This repository tries to provide unsupervised deep learning models with Pytorch for convenient use.
1-layer autoencoder. Corrupt the input (masking), then reconstruct the original input.
Layerwise pretraining by denoising autoenocder. Then stack all layers and finetune further.
The famous Variational Autoencoder from the paper
Kingma, Diederik P., and Max Welling. "Auto-encoding variational bayes." ICLR (2014).
VAE using convolutional and deconvolutional networks is demonstrated with SVHN dataset. Expample code is test_convvae.py
. The reconstruction and samples generated is show as follows:
Implementation of Variational Deep Embedding from the IJCAI2017 paper:
Jiang, Zhuxi, et al. "Variational deep embedding: An unsupervised and generative approach to clustering." International Joint Conference on Artificial Intelligence. 2017.
The original code is written in Keras. However, the original code is incorrect when computing the loss function. And I have corrected the loss function part with my code. The example usage can be found in test/test_vade-3layer.py
, and it uses the pretrained weights from autoencoder in test/model/pretrained_vade-3layer.pt
.
Note:
- The pretrained weights is important to initialize the weights of VaDE.
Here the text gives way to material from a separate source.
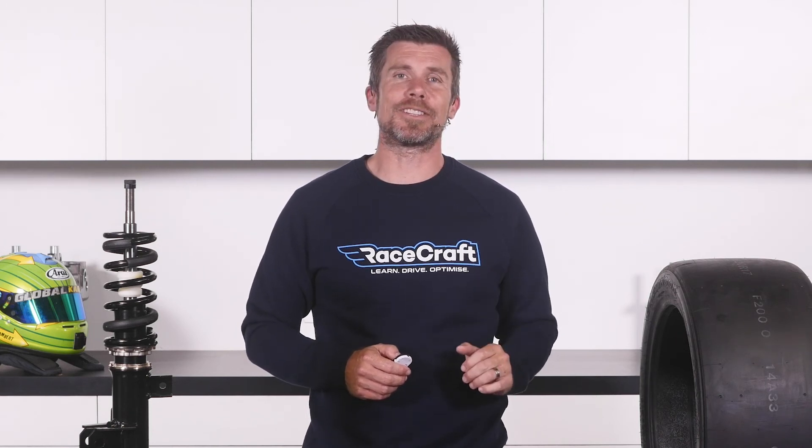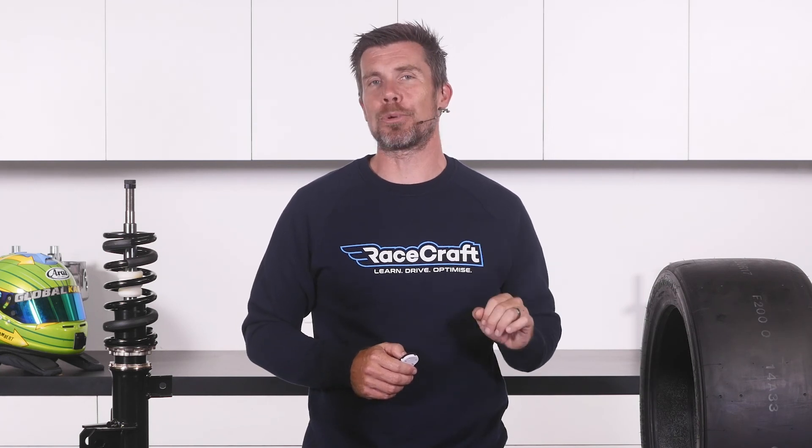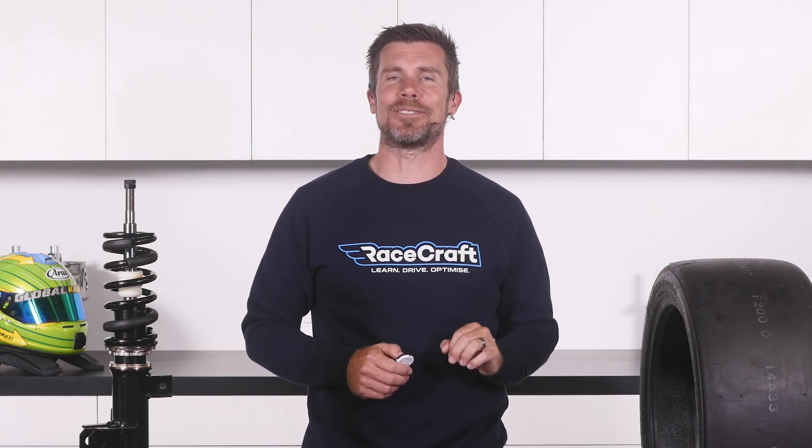That question was taken from one of our free live lessons. If you like free stuff and you want to expand your knowledge, click the link in the description to claim your free spot to our next live lesson. You'll learn about optimising the performance and handling of your car on the racetrack as well as improving your skills behind the wheel, plus you'll have the chance to ask your own questions which we'll be answering live.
- Unlike the original code using combined training and test data for training and evaluation, I split the training and test data, and only use training data for training and test data for evaluation. I think it is a more appropriate way to evaluate the method for generalization.
- As found, with above evaluation scheme and training for 3000 epochs, the clustering accuracy achieved is 94%.